Additional resources will be required later for such things as a Space Force headquarters and perhaps a training academy, the Pentagon said.
“This is an historic moment for our nation,” acting Defense Secretary Patrick Shanahan said in a statement Friday.
“The Department of Defense’s legislative proposal to establish the United States Space Force as the sixth branch of the Armed Forces is a strategic step towards securing America’s vital national interests in space,” he said. “Our approach follows President Trump’s bold vision for space and commits resources to deliver more capability faster, ensuring the United States can compete, deter, and, if needed, win in a complex domain.”
The proposal had been quietly delivered to Congress on Wednesday but the Pentagon did not release details until today.
It said the force start-up would cost $72 million in fiscal year 2020, primarily to centralize a headquarters for the new entity. The initial contingent to staff the headquarters and direct creation would be about 200 uniformed and civilian personnel, the Pentagon said.
In January, President Donald Trump signed a directive that ordered the space force to be part of the Department of the Air Force, similar to how the Marine Corps is an augment within the Department of the Navy.
That directive prompted the Pentagon to say it is creating a U.S. Space Command — an entity that combines space elements of all the service branches and would be made moot if an independent Space Force is established. That new command is on track to be created by summer.

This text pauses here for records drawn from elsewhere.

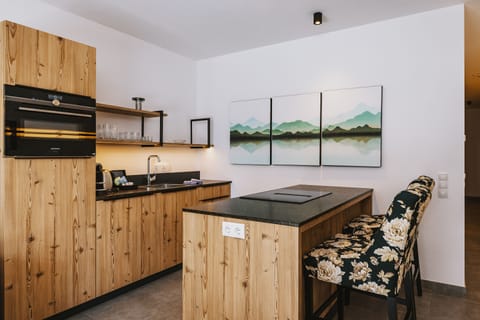 1-Bedroom Suite with Sauna | Private kitchen | Mini-fridge, espresso maker, electric kettle
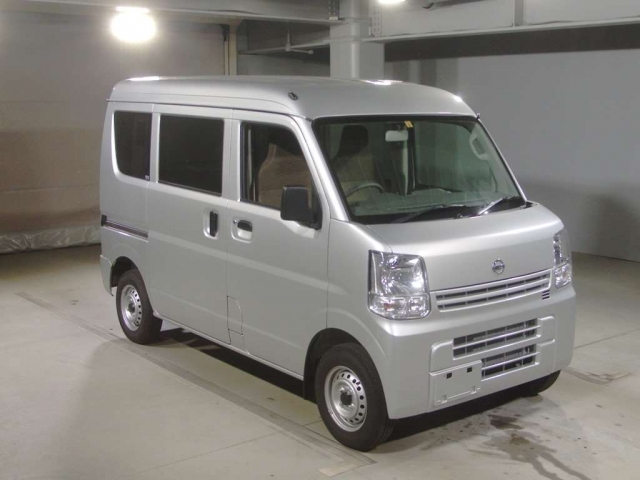 Import and buy NISSAN CLIPPER VAN 2018 from Japan to Nairobi, Kenya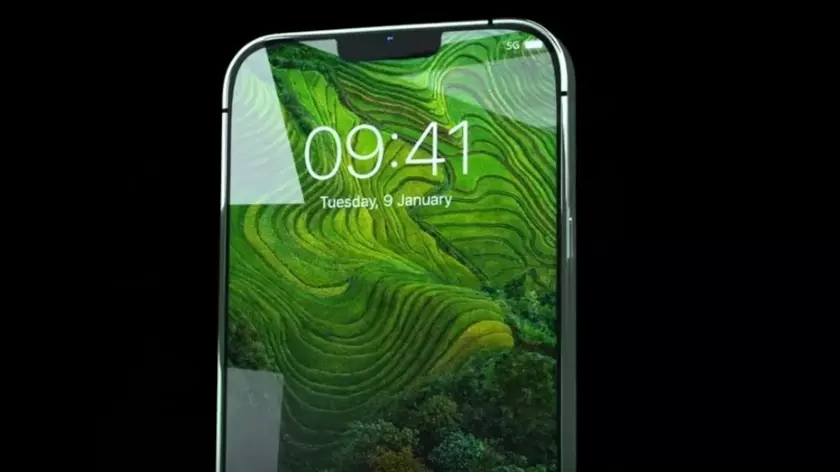 Новые iPhone 13 с уменьшенной «челкой» показали на видео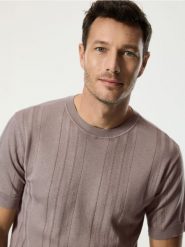 T-shirt regular fit z lyocellem - beżowy. Brązowe t-shirty męskie Reserved, l, bez wzorów, z dzianiny, bez kołnierzyka. Za 129.99 zł.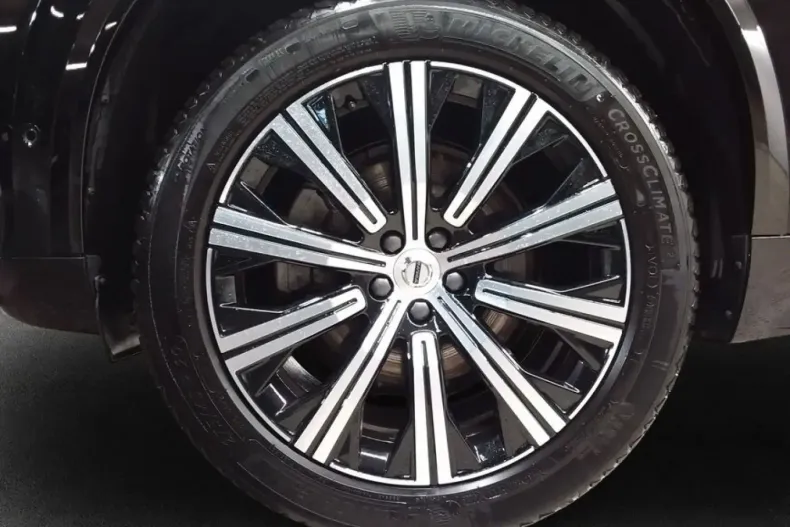 Volvo XC90 din 2024 cu 18.208 km - oferta VOL174310 - foto 7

According to the proposal, the Space Force would begin with space elements that are now part of the Air Force and then build out by snaring space duties of the other service benches, according to the proposal.

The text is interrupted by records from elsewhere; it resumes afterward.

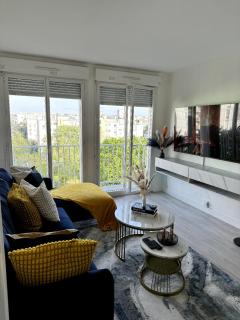 Chambre privée ds Appartement Design et Confort refait à neuf PROCHE de PARIS, la DEFENSE et VERSAILLES - 4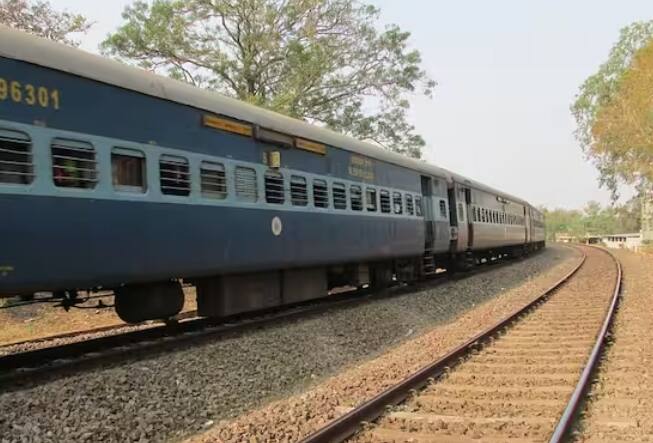 ਤੁਸੀਂ ਜਾਣਦੇ ਹੋ ਕਿ ਟ੍ਰੇਨਾਂ ਦੇ ਨਾਮ ਕਿਵੇਂ ਤੈਅ ਕੀਤੇ ਜਾਂਦੇ ਹਨ ਅਤੇ ਪ੍ਰਕਿਰਿਆ ਕੀ ਹੁੰਦੀ ਹੈ।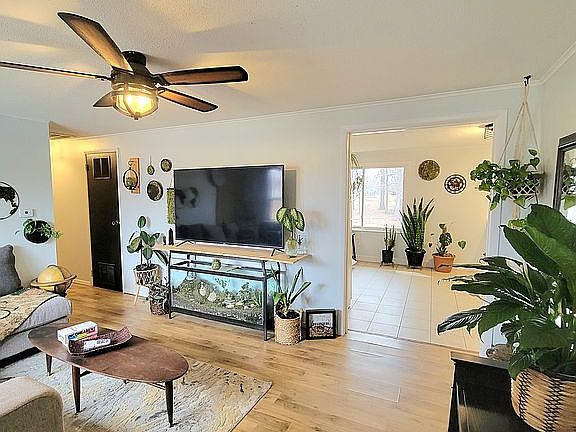 3rd image of 8467 N Empire Dr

“We will continue to be the best in the world at space and establishing a dedicated space force strengthens our ability to deter, compete and win in space,” Air Force Secretary Heather Wilson said Friday in a statement. Wilson had strongly opposed the creation of a new service branch for space, arguing it should remain part of the Air Force.
In addition to establishing a headquarters in 2020, the first-year plans also show an undersecretary of the Air Force for space would be nominated and subject to Senate confirmation and a chief of staff — a four-star position — would be named to head the force. That chief of staff will be on the Joint Chiefs of Staff, similar to the role of commandant of the Marine Corps.

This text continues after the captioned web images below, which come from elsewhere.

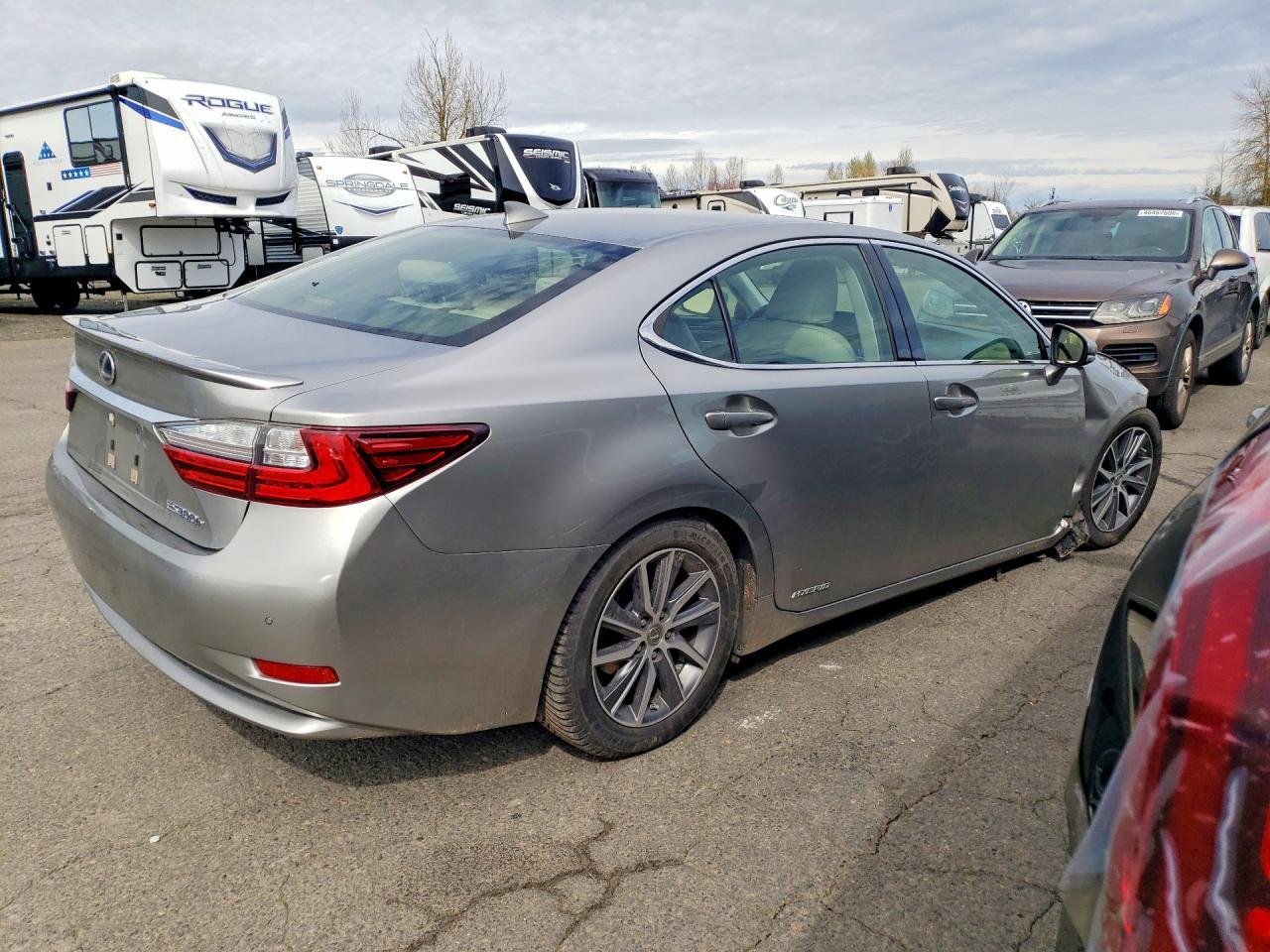 2018 Lexus Es 300H Base - Фото 3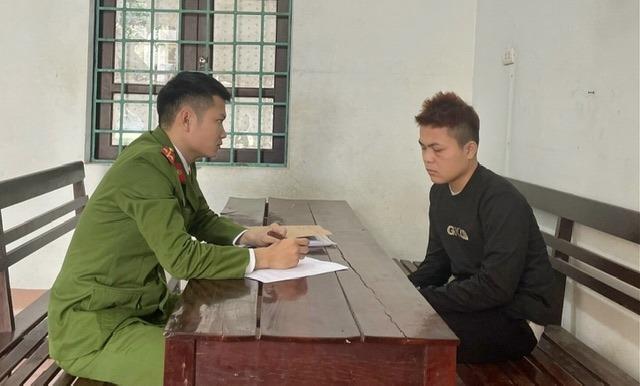 Vào cửa hàng cướp điện thoại Iphone rồi bỏ trốn vào rừng-3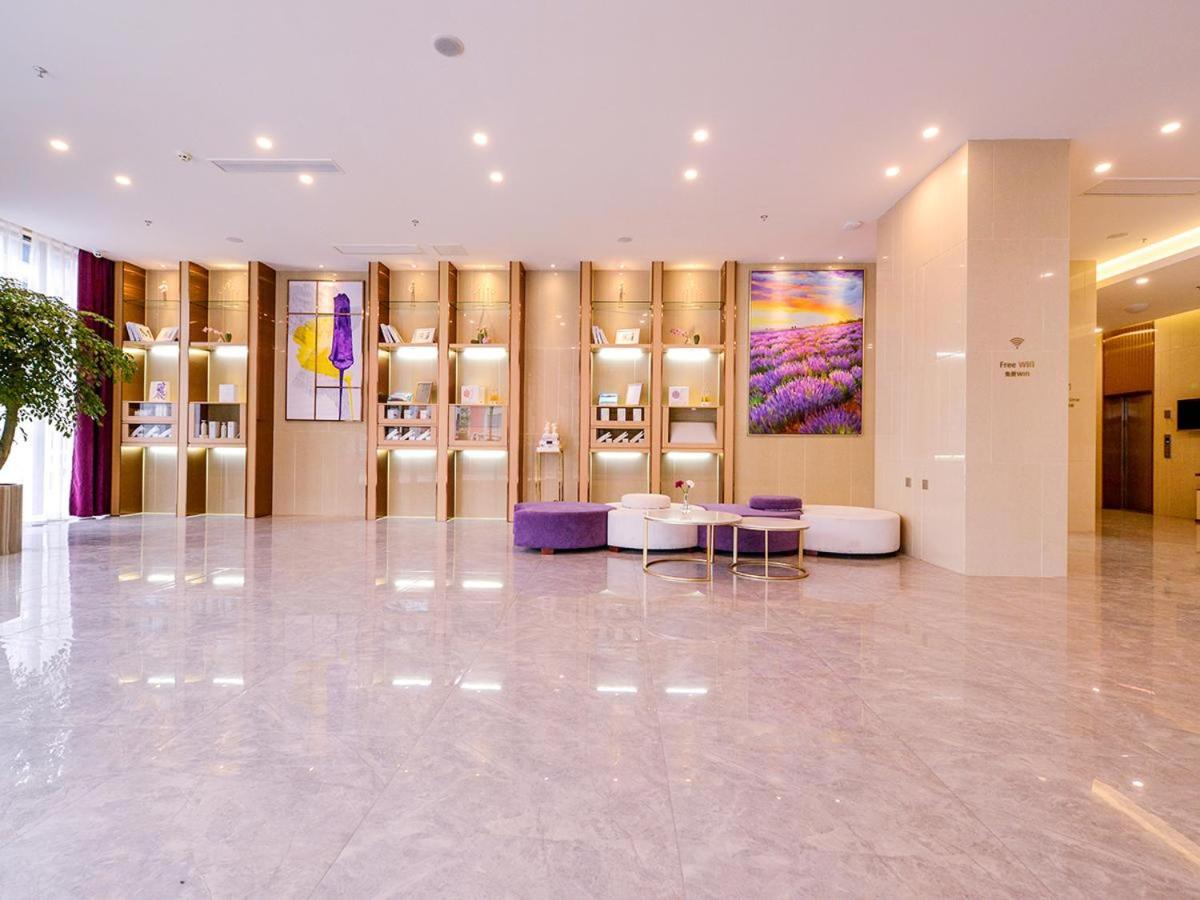 Lavande Hotel (Chengdu Xinjin Rulin Road Metro Station) 3/37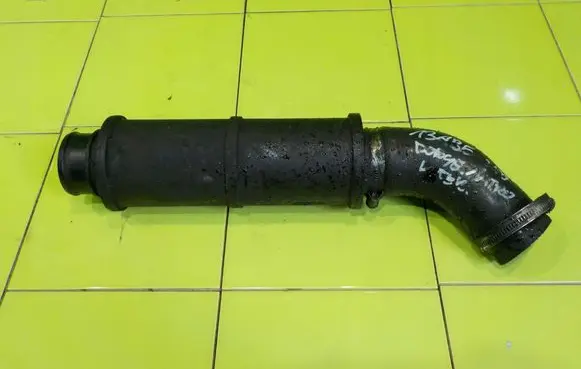 Dodge Nitro Intercooler hose/pipe 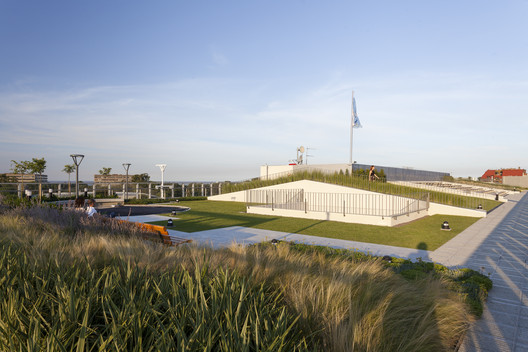 Rooftop Park / RDR arquitectos - Image 11 of 32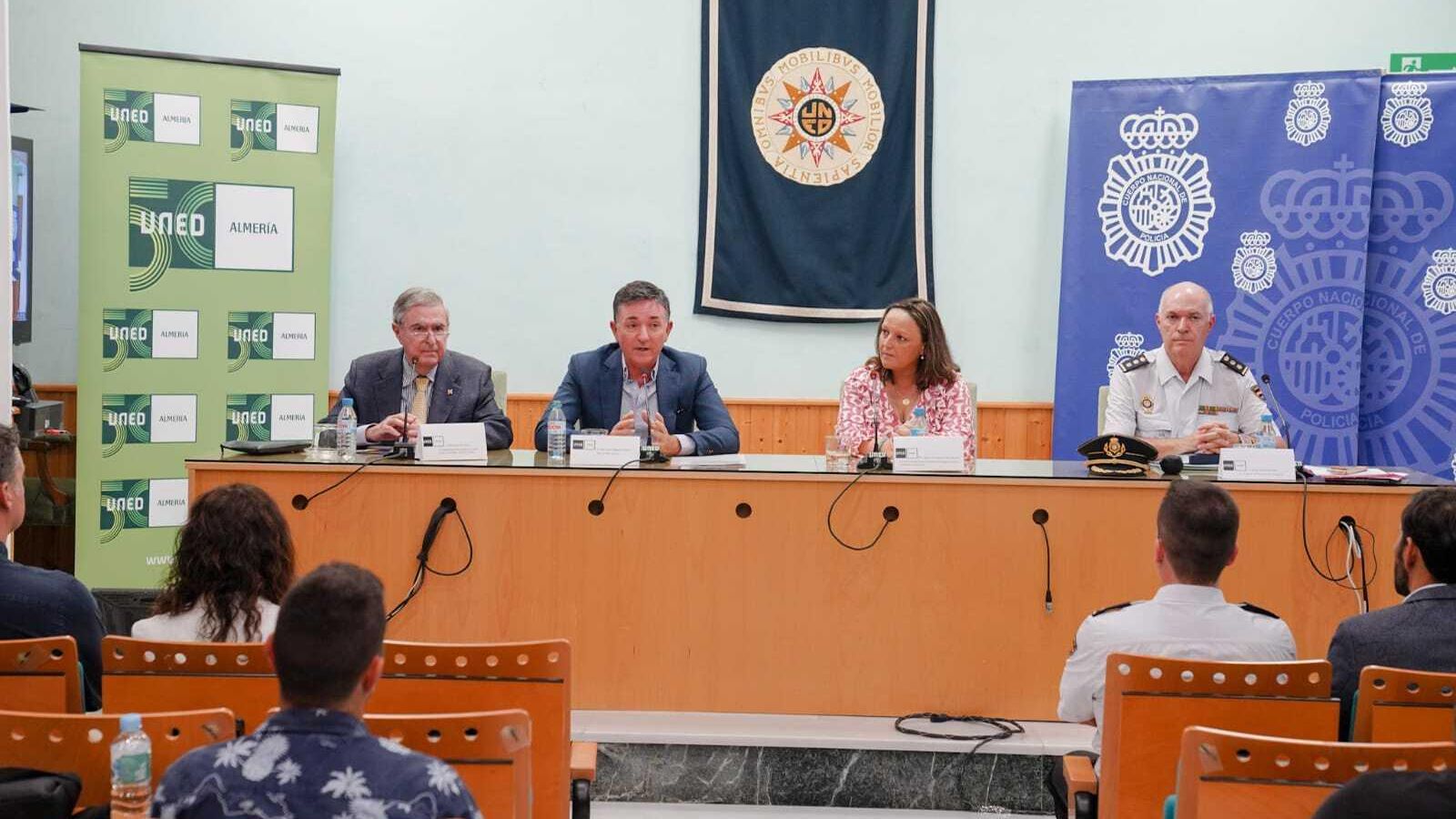 La UNED de Almería organizó este verano las primeras Jornadas sobre Ciberseguridad y Criminología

More functions will be transferred to the Space Force in fiscal years 2021 and 2022, the proposal outlined. “This will include relevant space operational elements, acquisition elements, training and education elements, and other identified space-specific entities,” the proposal said.
In the following two years, new units and duties will come to the force, the proposal said, in response to “new mission demands and to establish organic space-specific capacity for doctrine development, intelligence analysis, education, etc.”
Left undetermined are what type of reserve or guard components will be part of the force and what to do with personnel who are opposed to being transferred to a new service entity from their current service branch.